My practice examines traces left by time, as they exist in landscapes and in collective memory. I work with enduring materials, as vehicles to explore notions of permanence and erasure. I am interested in how we task objects with surviving time, with recording that which memory cannot retain. And how, in turn, these artifacts shape our perceptions of history.
Drawing is at the core of my practice, and the lens through which I experience the world. I view the earth as a drawing, continuously drafted by environmental and human gestures. In previous millennia, time was measured by repetitive, gathering of minerals into geological layers, by notations in clay that became written language, facilitating the narrative of history. In my reliefs, time is counted slowly, through repeated, carved gestures. These marks accumulate in works that form a physical accounting, providing an alternative means of measuring time. Collectively, my sculptures encourage reflection outside the world of commodified time.
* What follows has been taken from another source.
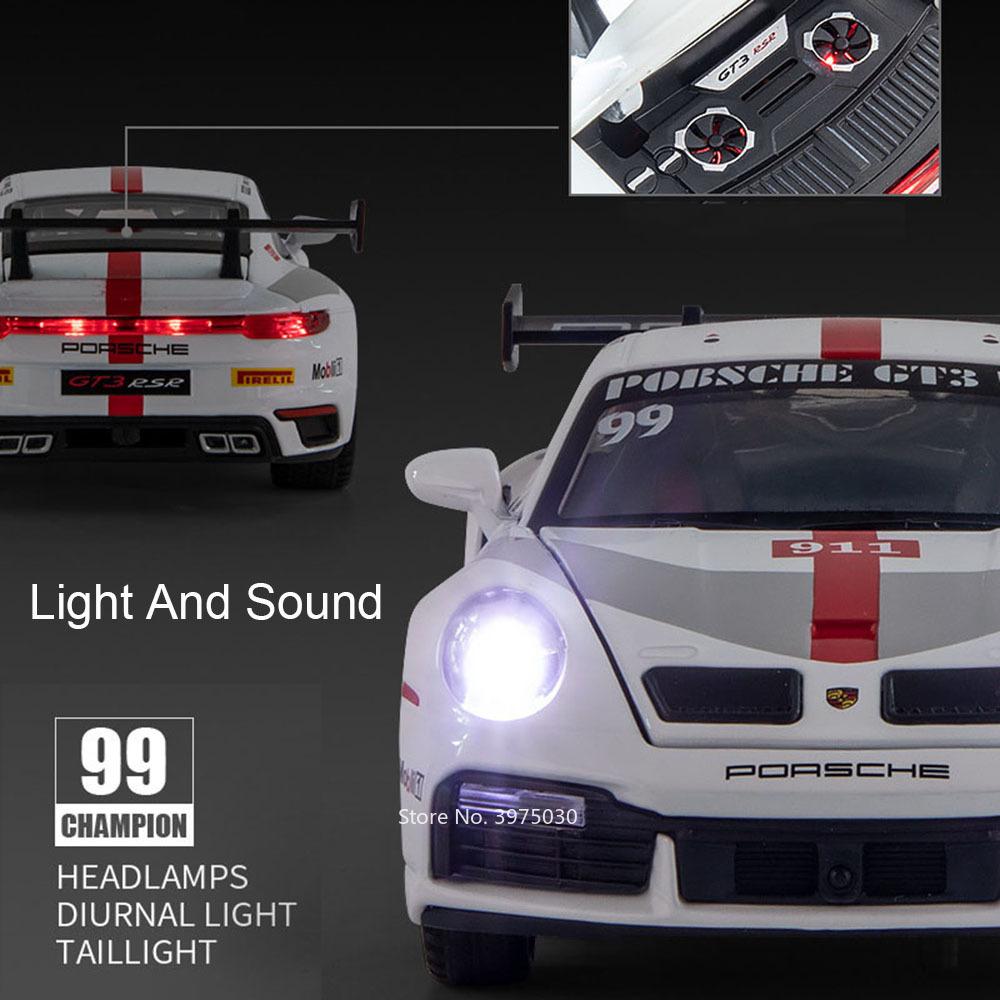 AABKQ1 1:32 Scale Porsche 911 GT3 RSR Cars Toy Miniature Model Alloy Die Cast with Light Sound Pull Back Supercar Boys Educational Toys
Being fascinated with exploring and utilizing art as vehicle for memory keeping, I’d like to offer how this commissioned object could hold your personal or family history. We would enter into a conversation where I’d ask learn your aesthetic preferences and use our conversations to create a carved artwork. The work could be 2D or 3D, abstract or transcribed. Often my carved works that appear to be abstract arrive from a layering of observations such as aerial views of a city, a texture, along with other direct visual references. Another possibility stems from my recent interest in collecting oral histories and carving words into collected specific materials. I could help in offering questions and prompts for you to conduct an oral history conversation with someone dear in your life. I would also be excited to think collaboratively outside of these ideas to realize a personal and powerful artwork that seeks to preserve memory.